The two are related. In many high schools, students learn how to write an introduction by using an inverted pyramid: they progress from an observation of general interest towards a particular point, the thesis statement. It is rigid, and only sometimes works outside of the expository essay genre. But it can be used well, if the initial appeal and the progression are both appropriate fits for the audience involved.
But it is difficult to measure such scale for a student who has only learned one way to introduce their formal writing, and who has furthermore not had enough experience in writing. In those cases, the feeling for fitting generality and audience is off. In an informative paper about how Google functions, the first sentence will describe how the internet functions. In an analytical paper studying the way gender is used in briefs on internet policy and privacy, the first sentence will allude to the simpler time of the 80s. Also, in an effort to supply the right beginning, outright errors will present themselves, like the well-known cop-out, "Since the beginning of time..."
No.
What it took me a long time to learn about the inverted paragraph structure, and what directly helped me with the scale problem, was that even the first sentence is focused. It is intentional. It refers to categories I'll later be using. There's got to be a hook and some logic that's relevant and accessible to my audience. Summarily, it has to have the context of both the reader and the rest of the paper to really be written effectively. With all that in mind, it should be one of the last, if not the last sentence written.

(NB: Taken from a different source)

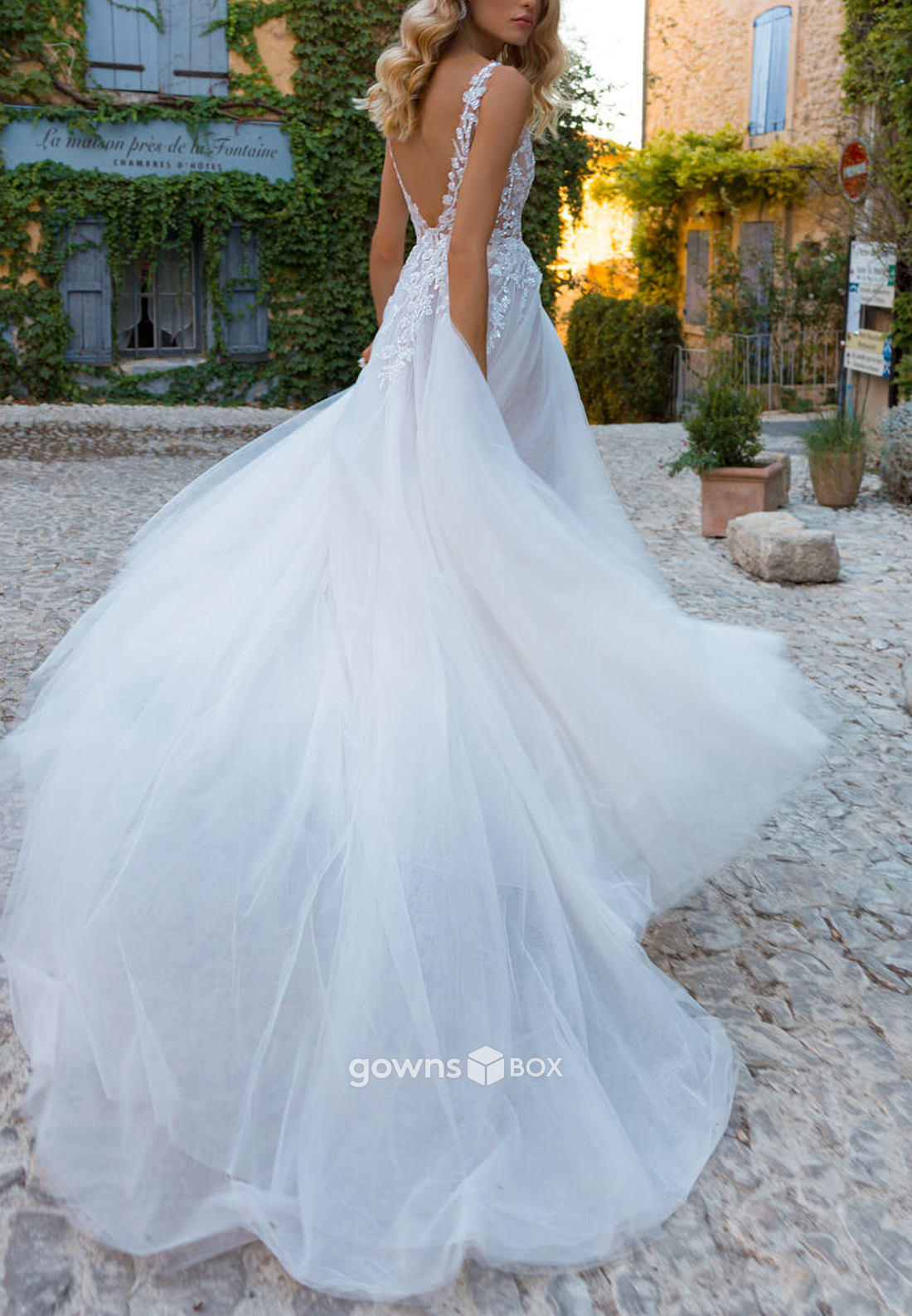 Regular Straps Court Train Tulle A-Line V Back Side Slit Wedding Dresses with Appliques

Subsequently, I now know that there are a variety of ways of starting a paper. Sometimes, starting with some topical facts or an anecdote can be more useful. Sometimes, starting with the thesis statement itself is a good move. After a while it's easy to know what to use based on the genre and audience. Sometimes I still write an introduction in a couple of different styles, just to see which way works best.
I've periodically left days open to work on these things in the schedule. Looks like this will be one of the sessions.
Can one impart all of this in an hour's time? No. But I think that the key here is experimentation. Flex the writing. Have a few forms in mind, and try them out to see which best accomplishes an introduction to the paper for the intended audience. This should be the most naturally sounding part of a paper; yet, to be a good one, it often takes the most work. My approach will be some combination of explaining the forms, studying bad examples, and modeling good habits in revision.